- _What is expected_
Each line in the records below, from the one that contains "RMS Discovery Kit" to the one that contains "18604 N 30TH", should be reproduced exactly, the first and last included.

- _Dataset records_
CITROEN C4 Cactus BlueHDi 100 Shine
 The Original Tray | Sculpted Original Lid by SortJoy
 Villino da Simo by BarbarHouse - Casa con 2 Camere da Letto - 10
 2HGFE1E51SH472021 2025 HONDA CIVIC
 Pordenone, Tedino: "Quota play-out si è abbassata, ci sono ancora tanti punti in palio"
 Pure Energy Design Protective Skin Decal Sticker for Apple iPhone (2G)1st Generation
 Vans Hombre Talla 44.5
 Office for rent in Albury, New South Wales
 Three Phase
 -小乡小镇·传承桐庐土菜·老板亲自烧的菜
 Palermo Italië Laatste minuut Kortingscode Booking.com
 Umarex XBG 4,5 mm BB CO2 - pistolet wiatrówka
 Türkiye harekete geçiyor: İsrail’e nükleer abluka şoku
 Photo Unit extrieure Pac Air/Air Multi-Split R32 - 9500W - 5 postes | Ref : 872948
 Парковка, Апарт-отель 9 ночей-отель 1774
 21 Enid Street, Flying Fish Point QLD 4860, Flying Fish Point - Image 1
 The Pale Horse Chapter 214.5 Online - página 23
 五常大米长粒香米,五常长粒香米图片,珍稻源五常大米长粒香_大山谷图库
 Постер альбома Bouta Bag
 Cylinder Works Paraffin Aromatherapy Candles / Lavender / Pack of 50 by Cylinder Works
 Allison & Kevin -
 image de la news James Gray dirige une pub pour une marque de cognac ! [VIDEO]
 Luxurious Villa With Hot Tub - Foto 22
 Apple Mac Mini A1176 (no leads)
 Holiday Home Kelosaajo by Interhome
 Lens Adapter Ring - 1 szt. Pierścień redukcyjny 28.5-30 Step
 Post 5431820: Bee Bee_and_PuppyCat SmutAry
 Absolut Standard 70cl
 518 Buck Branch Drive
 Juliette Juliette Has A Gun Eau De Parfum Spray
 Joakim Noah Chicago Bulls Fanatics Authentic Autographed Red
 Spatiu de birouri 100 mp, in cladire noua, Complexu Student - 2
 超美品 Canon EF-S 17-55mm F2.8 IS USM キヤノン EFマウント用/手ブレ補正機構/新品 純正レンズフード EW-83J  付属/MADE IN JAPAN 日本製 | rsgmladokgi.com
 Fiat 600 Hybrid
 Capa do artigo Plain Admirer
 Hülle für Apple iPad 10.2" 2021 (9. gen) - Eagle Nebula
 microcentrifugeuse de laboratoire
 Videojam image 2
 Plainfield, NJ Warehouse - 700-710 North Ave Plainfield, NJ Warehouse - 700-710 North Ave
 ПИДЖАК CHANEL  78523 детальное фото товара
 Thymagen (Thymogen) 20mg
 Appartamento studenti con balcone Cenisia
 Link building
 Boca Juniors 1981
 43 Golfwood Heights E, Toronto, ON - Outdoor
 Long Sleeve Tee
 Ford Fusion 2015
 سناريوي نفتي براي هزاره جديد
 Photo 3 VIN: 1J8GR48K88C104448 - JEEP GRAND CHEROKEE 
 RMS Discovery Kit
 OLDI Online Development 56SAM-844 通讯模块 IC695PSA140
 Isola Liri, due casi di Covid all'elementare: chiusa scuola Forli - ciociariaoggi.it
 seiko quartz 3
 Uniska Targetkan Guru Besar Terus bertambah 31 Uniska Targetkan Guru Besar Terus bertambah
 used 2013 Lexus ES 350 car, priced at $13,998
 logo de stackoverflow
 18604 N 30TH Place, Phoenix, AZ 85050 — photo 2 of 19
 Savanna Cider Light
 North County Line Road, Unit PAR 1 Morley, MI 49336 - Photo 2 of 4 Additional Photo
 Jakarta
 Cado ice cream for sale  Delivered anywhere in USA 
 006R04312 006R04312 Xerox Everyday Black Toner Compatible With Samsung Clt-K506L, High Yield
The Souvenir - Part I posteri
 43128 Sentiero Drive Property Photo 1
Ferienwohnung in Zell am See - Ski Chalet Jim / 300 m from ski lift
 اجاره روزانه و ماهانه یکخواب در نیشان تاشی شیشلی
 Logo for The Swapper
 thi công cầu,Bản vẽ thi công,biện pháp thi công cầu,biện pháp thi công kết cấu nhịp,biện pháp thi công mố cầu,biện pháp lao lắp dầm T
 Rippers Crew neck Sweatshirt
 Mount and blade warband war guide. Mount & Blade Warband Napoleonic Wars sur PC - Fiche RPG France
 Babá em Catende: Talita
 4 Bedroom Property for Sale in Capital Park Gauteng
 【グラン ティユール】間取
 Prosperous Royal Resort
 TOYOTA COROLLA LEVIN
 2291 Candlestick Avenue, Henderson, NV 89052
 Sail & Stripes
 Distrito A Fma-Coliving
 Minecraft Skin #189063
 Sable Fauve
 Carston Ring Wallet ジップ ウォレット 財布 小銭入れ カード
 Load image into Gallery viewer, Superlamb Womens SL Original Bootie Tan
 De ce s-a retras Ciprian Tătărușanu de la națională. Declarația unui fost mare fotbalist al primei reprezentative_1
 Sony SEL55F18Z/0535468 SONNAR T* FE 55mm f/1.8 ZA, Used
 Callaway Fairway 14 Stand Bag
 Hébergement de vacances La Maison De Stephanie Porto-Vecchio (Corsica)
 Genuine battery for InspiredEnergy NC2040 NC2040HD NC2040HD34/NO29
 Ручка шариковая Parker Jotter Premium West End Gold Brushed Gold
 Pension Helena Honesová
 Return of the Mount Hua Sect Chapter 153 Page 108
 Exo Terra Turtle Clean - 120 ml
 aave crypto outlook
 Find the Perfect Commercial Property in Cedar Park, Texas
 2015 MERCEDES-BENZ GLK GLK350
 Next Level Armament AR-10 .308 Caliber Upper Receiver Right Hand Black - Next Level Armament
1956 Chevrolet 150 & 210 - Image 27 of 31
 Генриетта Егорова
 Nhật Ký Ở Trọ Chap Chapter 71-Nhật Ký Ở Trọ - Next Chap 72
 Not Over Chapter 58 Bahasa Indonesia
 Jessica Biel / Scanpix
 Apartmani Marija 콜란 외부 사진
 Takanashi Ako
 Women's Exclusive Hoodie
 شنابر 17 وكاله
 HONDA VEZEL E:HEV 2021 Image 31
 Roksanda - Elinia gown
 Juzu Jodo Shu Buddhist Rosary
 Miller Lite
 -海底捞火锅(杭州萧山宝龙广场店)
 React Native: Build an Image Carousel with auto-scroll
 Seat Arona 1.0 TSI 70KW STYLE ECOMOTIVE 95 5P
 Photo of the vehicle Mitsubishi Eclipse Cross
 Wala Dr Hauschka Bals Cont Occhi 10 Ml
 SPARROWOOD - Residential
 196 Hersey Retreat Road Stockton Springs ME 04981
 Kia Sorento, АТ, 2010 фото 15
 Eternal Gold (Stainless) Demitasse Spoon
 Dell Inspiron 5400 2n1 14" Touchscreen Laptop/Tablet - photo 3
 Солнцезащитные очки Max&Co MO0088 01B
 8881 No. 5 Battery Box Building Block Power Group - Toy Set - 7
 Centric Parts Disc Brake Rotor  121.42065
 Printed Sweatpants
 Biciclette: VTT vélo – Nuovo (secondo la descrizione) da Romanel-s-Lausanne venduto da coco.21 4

- _Reply to the exercise_
 RMS Discovery Kit
 OLDI Online Development 56SAM-844 通讯模块 IC695PSA140
 Isola Liri, due casi di Covid all'elementare: chiusa scuola Forli - ciociariaoggi.it
 seiko quartz 3
 Uniska Targetkan Guru Besar Terus bertambah 31 Uniska Targetkan Guru Besar Terus bertambah
 used 2013 Lexus ES 350 car, priced at $13,998
 logo de stackoverflow
 18604 N 30TH Place, Phoenix, AZ 85050 — photo 2 of 19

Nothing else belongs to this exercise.